Exercise brief =>
Restate the listing below word for word, and leave its pictures behind.

Data shown =>
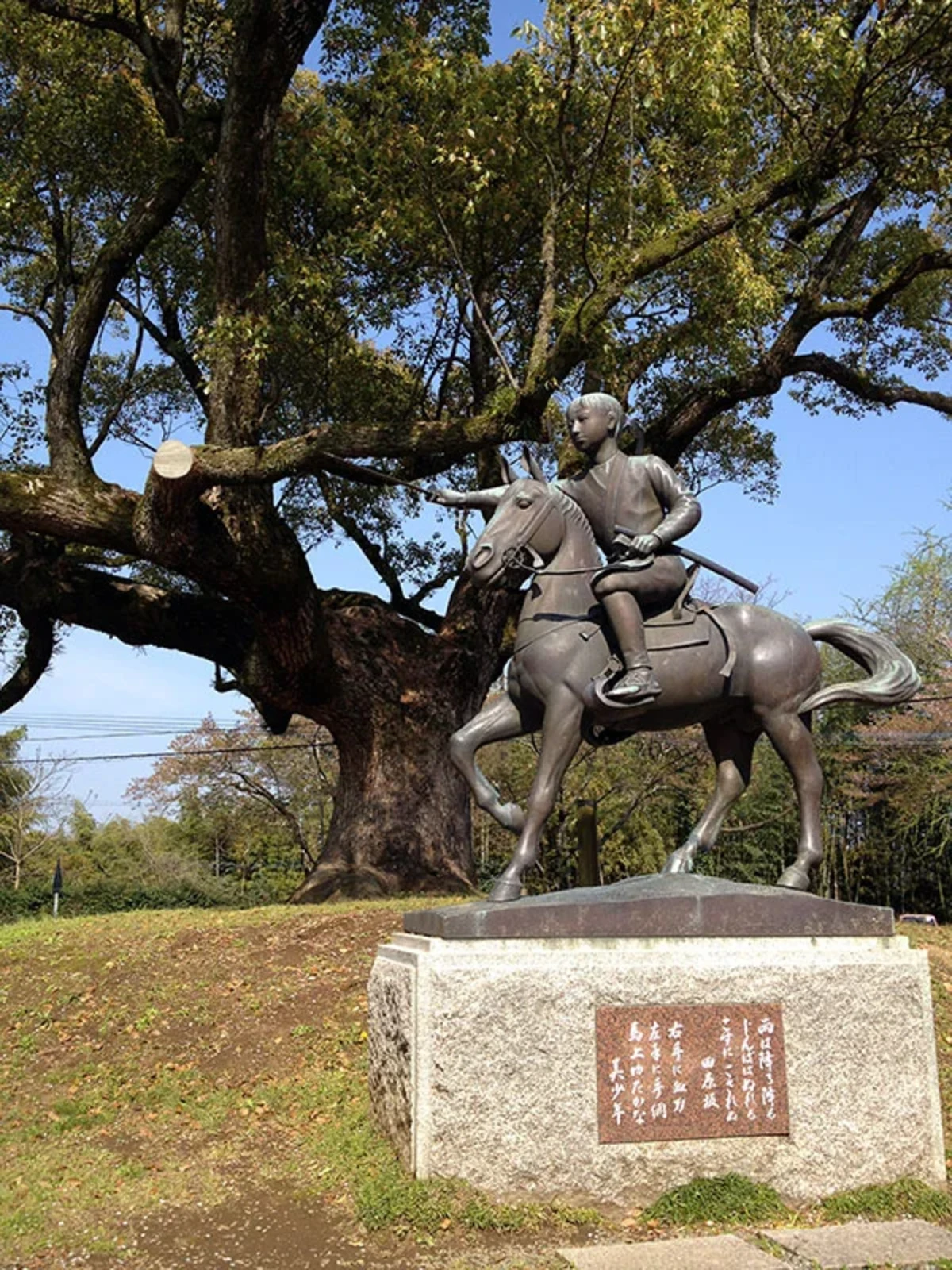 田原坂 (10)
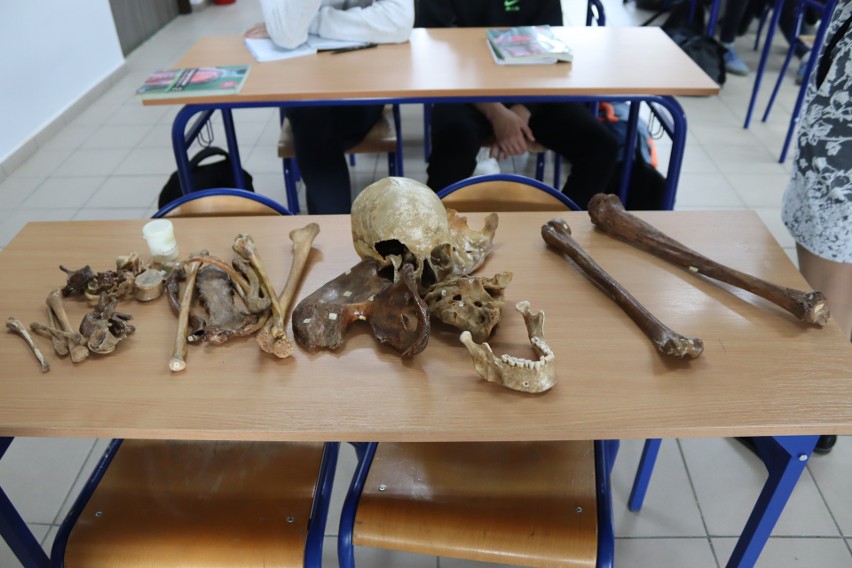 Ludzkie kości jako pomoc naukowa. Słupscy uczniowie uczą się anatomii [zdjęcia]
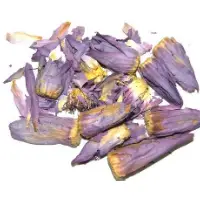 Dried Nymphaea Rubra Flower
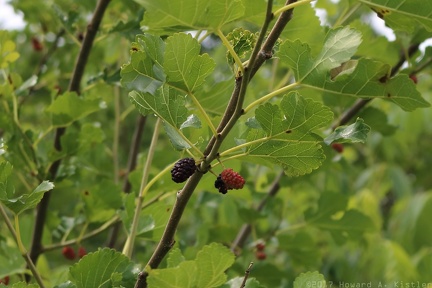 Mulberry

Result of the exercise =>
 田原坂 (10)
 Ludzkie kości jako pomoc naukowa. Słupscy uczniowie uczą się anatomii [zdjęcia]
 Dried Nymphaea Rubra Flower
 Mulberry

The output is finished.